Mock Executions

by Patrick Appel

The long awaited CIA torture report is due out on Monday. Mark Hosenball and Michael Isikoff have a preview:

According to two sourcesone who has read a draft of the paper and one who was briefed on itthe report describes how one detainee, suspected USS Cole bomber Abd al-Rahim al-Nashiri, was threatened with a gun and a power drill during the course of CIA interrogation. According to the sources, who like others quoted in this article asked not to be named while discussing sensitive information, Nashiri's interrogators brandished the gun in an effort to convince him that he was going to be shot. Interrogators also turned on a power drill and held it near him. "The purpose was to scare him into giving [information] up," said one of the sources. A federal law banning the use of torture expressly forbids threatening a detainee with "imminent death."

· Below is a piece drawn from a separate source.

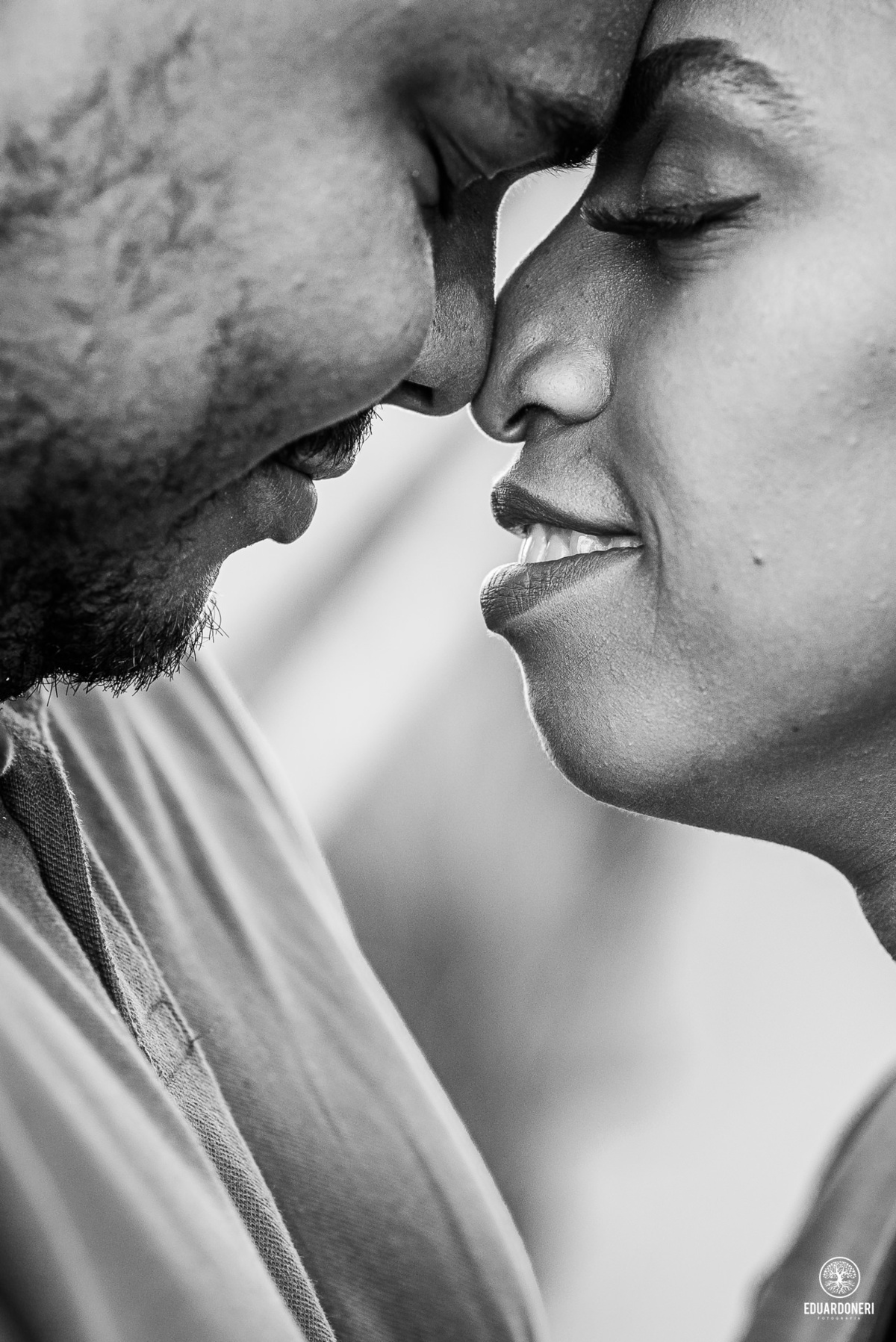 ensaio pre casamento  realizado na pedra do índio em ribeirão claro no paraná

The report also says, according to the sources, that a mock execution was staged in a room next to a detainee, during which a gunshot was fired in an effort to make the suspect believe that another prisoner had been killed. The inspector general's report alludes to more than one mock execution. 

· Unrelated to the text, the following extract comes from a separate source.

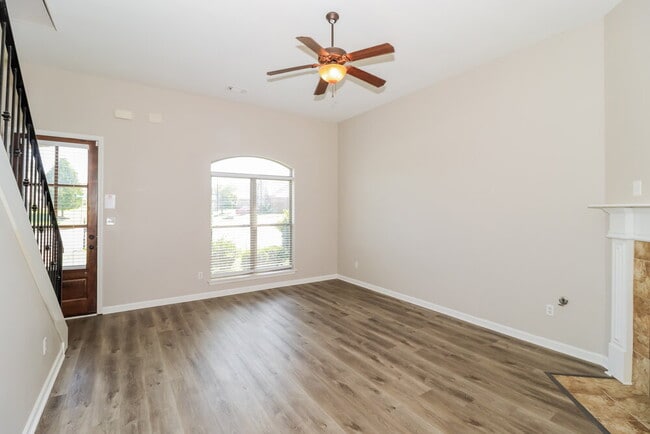 Photo - 110 Birch Springs Dr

Marcy Wheeler thinks this is why the torture tapes were destroyed, a plausible theory. After reading about Bush-era torture for years researching the subject for Andrew, I thought that I had lost the ability to be shocked, but this goes beyond what even I dreamt possible. The description above reminds me of nothing so much as the Iranian mock executions performed during the Iranian Hostage Crisis. Mark Bowden had a harrowing description of them in his latest book. The Iranians didn't threaten the Americans with drills, as far as I know. What we did actually sounds far worse.